» INFORMATION SHOWN
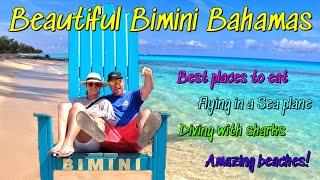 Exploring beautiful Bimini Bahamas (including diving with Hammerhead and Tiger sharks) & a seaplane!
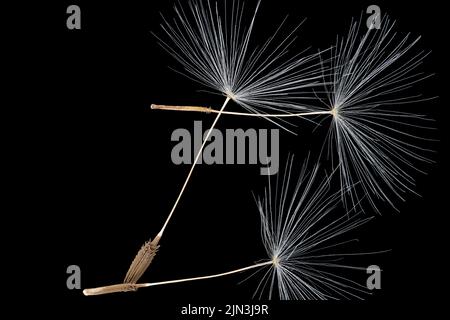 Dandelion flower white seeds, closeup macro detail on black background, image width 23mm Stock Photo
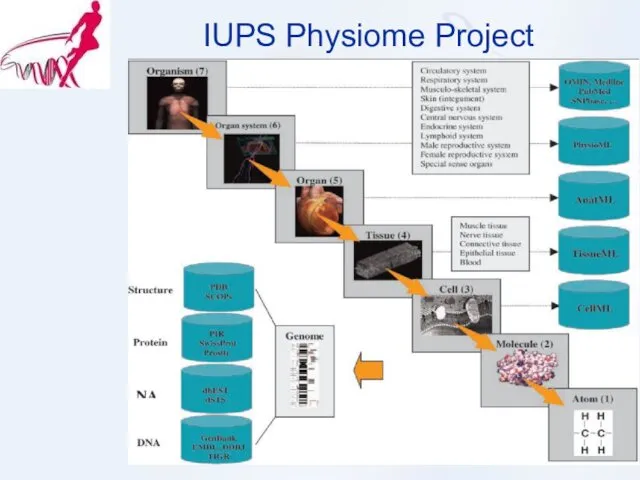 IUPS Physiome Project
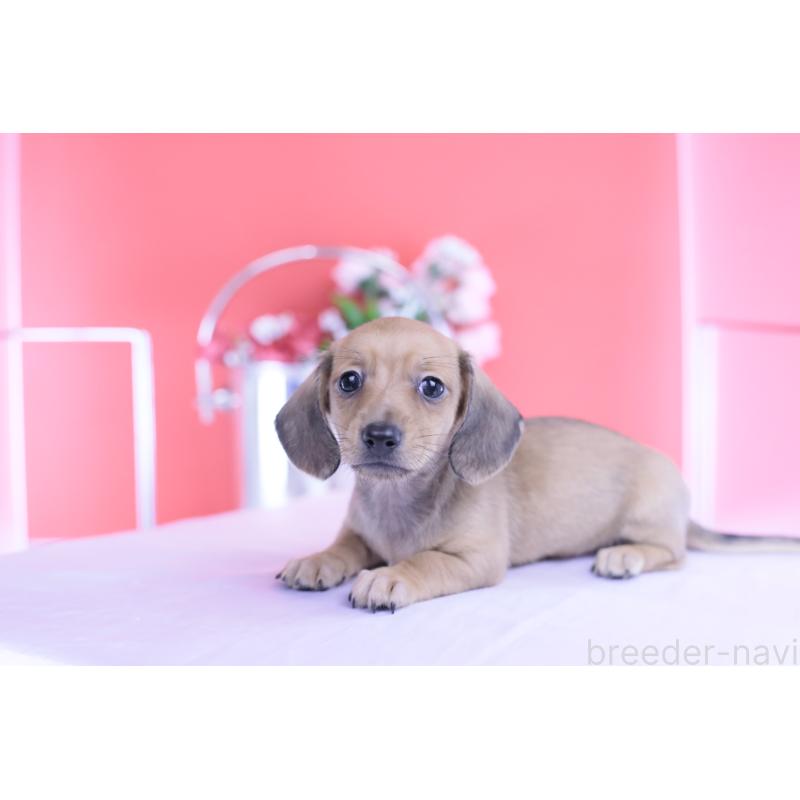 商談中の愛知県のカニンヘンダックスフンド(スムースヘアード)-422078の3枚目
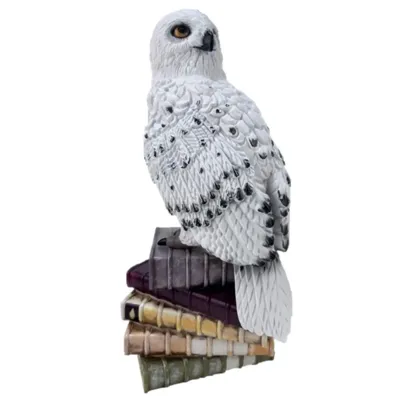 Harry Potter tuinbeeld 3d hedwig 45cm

» TASK TO COMPLETE
Each line of the listing above should be retyped exactly, with no pictures.

» RESULT FOR THIS TASK
 Exploring beautiful Bimini Bahamas (including diving with Hammerhead and Tiger sharks) & a seaplane!
 Dandelion flower white seeds, closeup macro detail on black background, image width 23mm Stock Photo
 IUPS Physiome Project
 商談中の愛知県のカニンヘンダックスフンド(スムースヘアード)-422078の3枚目
 Harry Potter tuinbeeld 3d hedwig 45cm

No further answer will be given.